◆ Data block ◆
---+---
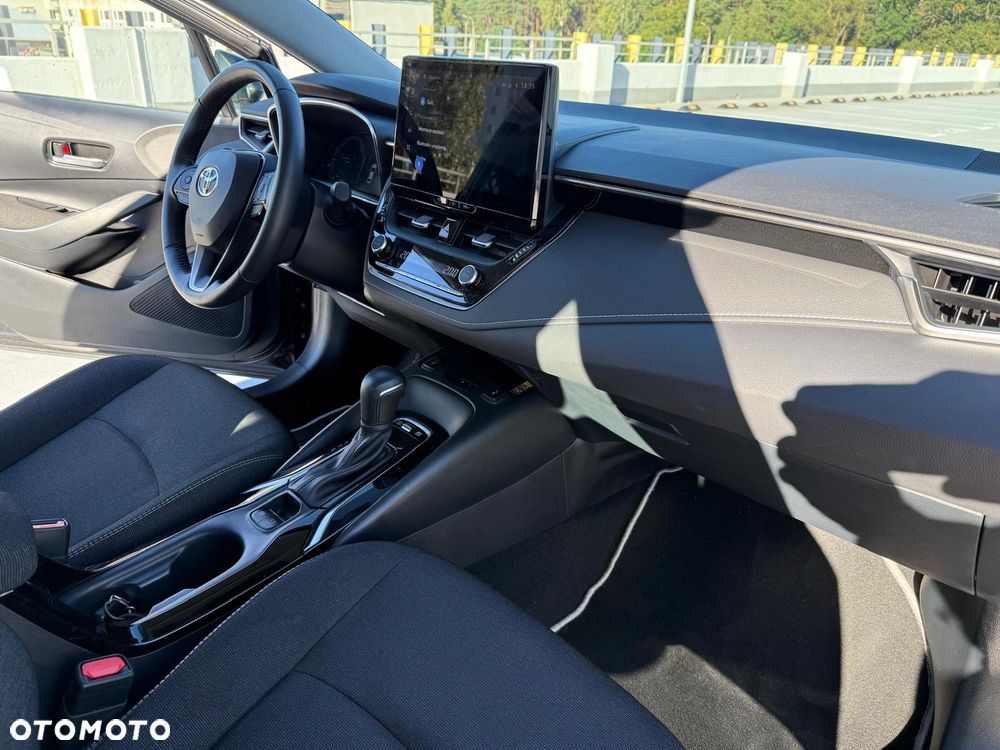 Toyota Corolla 1.8 Hybrid Comfort - 16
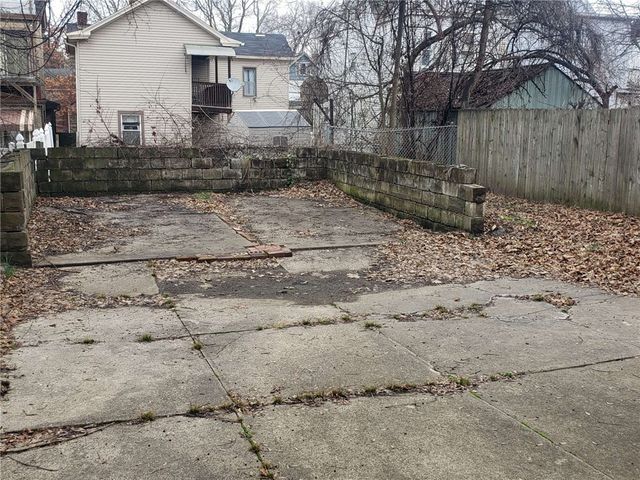 3102 Bergman St, Sheraden, PA 15204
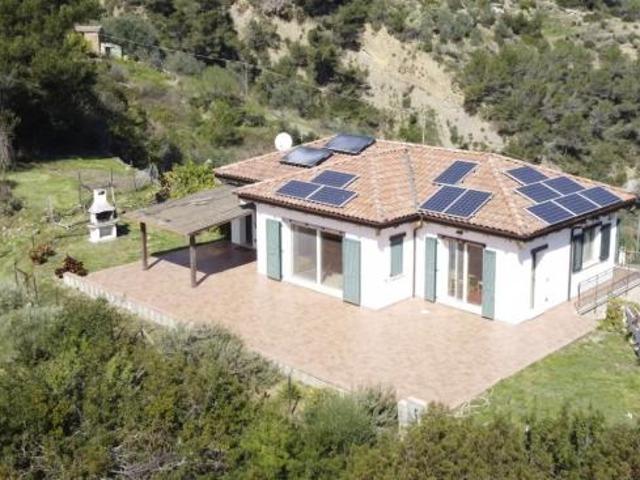 Soldano VENDESI VILLA CON GIARDINO PRIVATO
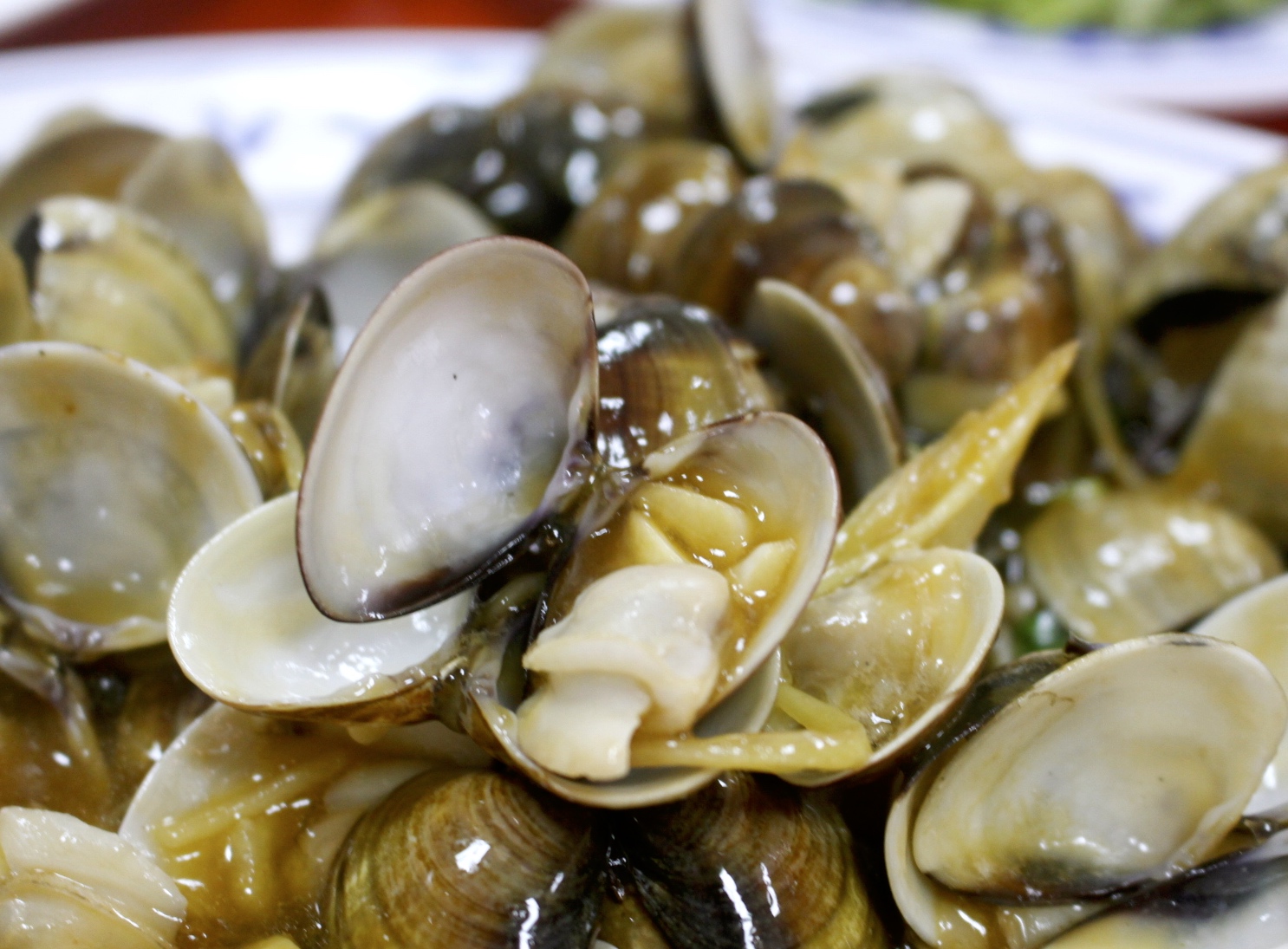 【宜蘭 高僑餐飲】100元大份量熱炒還能吃到生魚片？白飯無限供應、附設停車場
---+---
◆ Problem requirements ◆
Return all the material exactly, pictures excluded.

◆ Output of the exercise ◆
 Toyota Corolla 1.8 Hybrid Comfort - 16
 3102 Bergman St, Sheraden, PA 15204
 Soldano VENDESI VILLA CON GIARDINO PRIVATO
 【宜蘭 高僑餐飲】100元大份量熱炒還能吃到生魚片？白飯無限供應、附設停車場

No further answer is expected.